Asma
MEDIADORES LIPÍDICOS – Leucotrienos
Progressos consideráveis têm ocorrido na definição dos elementos celulares e mediadores envolvidos no processo inflamatório da asma. Várias células que participam deste processo são capazes de produzir os leucotrienos (LTs) bem como os seus receptores (Cys–LT1). Por outro lado, os LTs apresentam importante papel no remodelamento das vias aéreas na asma persistente.
Figura 1 – Representação esquemática dos produtos do ácido aracdônico: formação do fator de ativação plaquetária (PAF), via da ciclooxigenase (CO) e via da 5-Lipoxigenase (5 LO).
O ácido araquidônico é um dos très ácidos graxos essenciais,1 que está incorporado esterificado na posição -2 da membrana celular fosfolipídica dos mastócitos e de outras células inflamatórias (eosinófilos, macrófagos...). Estudos sob micoscopia eletrônica de células inflamatórias ativadas em cultura sugerem que o ácido araquidônico derive de membranas perinucleares.2 A oxidação enzimática deste ácido graxo produz (Figura 1) uma variedade de metabólitos que apresentam importantes funções bioquímicas e fisiológicas. Entre estes metabólitos estão as prostaglandinas (PG), os leucotrienos, o tromboxane (Tx) e a prostaciclina, metabólitos estes conhecidos coletivamente como eicosanoides. O termo eicosanoide provém de eicosa (20 átomos de carbono), -ene (indica dupla ligação presente nos compostos) e -oide (indica similaridade estrutural de um com o outro).
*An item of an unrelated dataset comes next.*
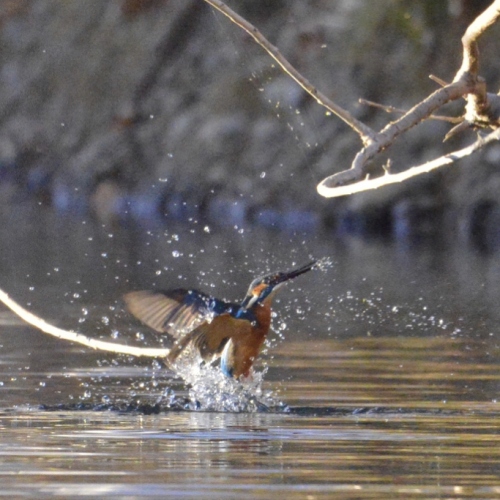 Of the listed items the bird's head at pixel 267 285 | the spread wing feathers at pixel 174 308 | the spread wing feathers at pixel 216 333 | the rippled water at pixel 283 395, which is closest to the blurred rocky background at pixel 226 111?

O termo prostanoide foi introduzido na literatura para incluir os metabólitos do ácdo araquidônico derivados da via da ciclo-oxigenase e inclui prostaglandinas, tromboxane e prostaciclina.
Por outra via oxidativa do ácido araquidônico derivam os leucotrienos cujo nome tem origem nas células onde foram primeiro identificados os leucócitos e pela disposição de três duplas ligações conjugadas (tri-eno), com geometria trans (Figura 2).
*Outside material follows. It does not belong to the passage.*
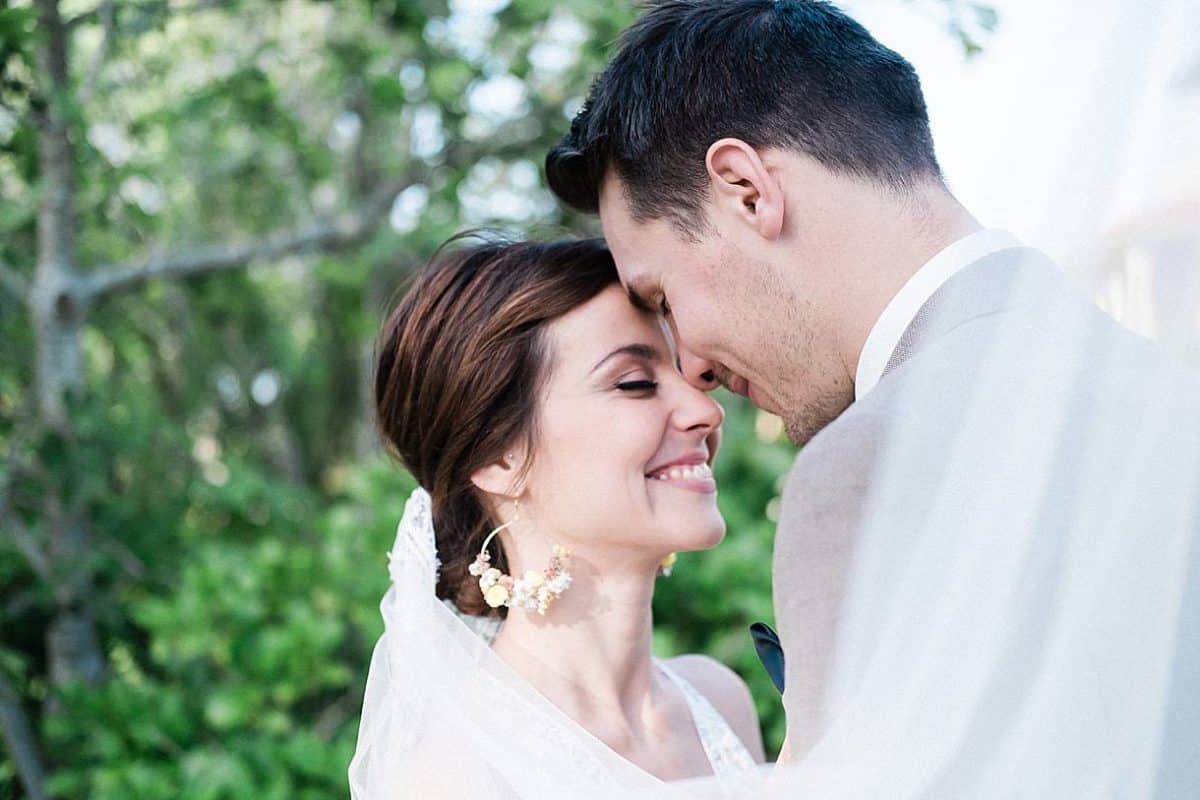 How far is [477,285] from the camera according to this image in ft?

A principal fonte de ácido araquidônico são as membranas fosfolipídicas, primariamente a fosfatidilcolina, fosfatidiletanolamina e o fosfatidilinositol. O ácido araquidônico é liberado para a célula via hidrólise de fosfolipídios quando ocorre um aumento da concentração intracelular de cálcio que desencadeia uma série de eventos que determina a ativação da fosfolipase A2 (PLA2),3,4 fosfolipase C e/ou lipase digliceride. O ácido araquidônico livre pode ser enzimaticamente oxigenado por três grandes vias, ciclo-oxigenase, lipoxigenase e citocromo P-450 monooxigenase (não mencionado neste capítulo).
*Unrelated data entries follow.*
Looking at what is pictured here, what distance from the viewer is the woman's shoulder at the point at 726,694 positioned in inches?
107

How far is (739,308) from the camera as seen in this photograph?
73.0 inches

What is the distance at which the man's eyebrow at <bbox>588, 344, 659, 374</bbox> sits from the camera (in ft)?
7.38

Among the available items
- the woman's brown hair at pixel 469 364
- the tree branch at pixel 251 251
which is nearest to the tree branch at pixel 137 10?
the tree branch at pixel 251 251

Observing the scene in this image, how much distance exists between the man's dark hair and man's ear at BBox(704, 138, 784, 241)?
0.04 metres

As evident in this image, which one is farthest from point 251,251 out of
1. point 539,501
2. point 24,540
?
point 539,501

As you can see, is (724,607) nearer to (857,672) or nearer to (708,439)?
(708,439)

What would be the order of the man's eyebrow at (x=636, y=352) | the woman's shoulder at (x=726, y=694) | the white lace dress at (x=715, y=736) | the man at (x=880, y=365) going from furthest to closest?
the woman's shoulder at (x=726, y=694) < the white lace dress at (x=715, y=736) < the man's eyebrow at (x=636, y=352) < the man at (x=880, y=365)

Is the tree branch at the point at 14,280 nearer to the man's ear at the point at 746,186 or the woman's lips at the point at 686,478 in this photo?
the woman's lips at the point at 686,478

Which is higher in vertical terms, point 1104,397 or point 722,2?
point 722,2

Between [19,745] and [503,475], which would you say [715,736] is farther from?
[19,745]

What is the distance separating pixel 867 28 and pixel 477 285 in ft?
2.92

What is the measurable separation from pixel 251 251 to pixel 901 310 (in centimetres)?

As prostaglandinas e o tromboxane são gerados a partir do ácido araquidônico através da via da ciclooxigenase (prostaglandina endoperóxido sintetase) (CO). A CO está localizada no retículo endoplasmático e membranas nucleares, e catalisa a oxigenação do ácido araquidônico para prostaglandina endoperoxidase, prostaglandina G2 (PGG2), posteriormente reduzida a PGH2 pela atividade peroxidase. A PGH2 torna-se substrato para enzimas terminais, originando outros prostanoides, cinco deles implicados na asma – PGD2, PGE2, PGF2α, PGI2 e o TXA2 derivado da PGH2 via tromboxane sintetase.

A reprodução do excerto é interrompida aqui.